Question: Exercises 12-17 develop properties of rank that are sometimes needed in applications. Assume the matrix \(A\) is \(m \times n\).

16. If \(A\) is an \(m \times n\) matrix of rank\(r\), then a rank factorization of \(A\) is an equation of the form \(A = CR\), where \(C\) is an \(m \times r\) matrix of rank\(r\) and \(R\) is an \(r \times n\) matrix of rank \(r\). Such a factorization always exists (Exercise 38 in Section 4.6). Given any two \(m \times n\) matrices \(A\) and \(B\), use rank factorizations of \(A\) and \(B\) to prove that rank\(\left( {A + B} \right) \le {\mathop{\rm rank}\nolimits} A + {\mathop{\rm rank}\nolimits} B\).

(Hint: Write \(A + B\) as the product of two partitioned matrices.)
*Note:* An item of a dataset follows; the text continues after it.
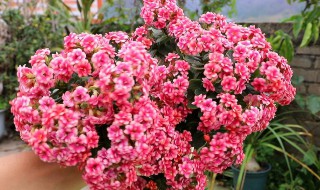 巴黎长寿花的养殖方法和注意事项（巴黎长寿花的养殖方法和注意事项有哪些）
Consider rank\(A = {r_1}\) and rank\(B = {r_2}\). Rank factorization of \(A\) and \(B\) are \(A = {C_1}{R_1}\) and \(B = {C_2}{R_2}\), where \({C_1}\) is \(m \times {r_1}\) with rank\({r_1}\), \({C_2}\) is \(m \times {r_2}\) with rank\({r_2}\), \({R_1}\) is \({r_1} \times n\) with rank\({r_1}\), \({R_2}\) is \({r_2} \times n\) with rank\({r_2}\).

By stacking \({R_1}\) over \({R_2}\), create a \(m \times \left( {{r_1} + {r_2}} \right)\) matrix \(C = \left( {\begin{array}{*{20}{c}}{{C_1}}&{{C_2}}\end{array}} \right)\) and a \(\left( {{r_1} + {r_2}} \right) \times n\) matrix \(R\).

\(\begin{array}{c}A + B = {C_1}{R_1} + {C_2}{R_2}\\ = \left( {\begin{array}{*{20}{c}}{{C_1}}&{{C_2}}\end{array}} \right)\left( {\begin{array}{*{20}{c}}{{R_1}}\\{{R_2}}\end{array}} \right)\\ = CR\end{array}\)

The matrix \(CR\) is a product, so according to exercise 12, its rank cannot exceed the rank of either of its factors. The rank of \(C\) cannot exceed \({r_1} + {r_2}\) because \(C\) has \({r_1} + {r_2}\). Similarly, as matrix \(R\) has \({r_1} + {r_2}\) rows, then its rank cannot exceed \({r_1} + {r_2}\).

Therefore, the rank of \(A + B\) cannot exceed \({r_1} + {r_2} = {\mathop{\rm rank}\nolimits} A + {\mathop{\rm rank}\nolimits} B\), or \({\mathop{\rm rank}\nolimits} \left( {A + B} \right) \le {\mathop{\rm rank}\nolimits} A + {\mathop{\rm rank}\nolimits} B\).

Thus, it is proved that \({\mathop{\rm rank}\nolimits} \left( {A + B} \right) \le {\mathop{\rm rank}\nolimits} A + {\mathop{\rm rank}\nolimits} B\).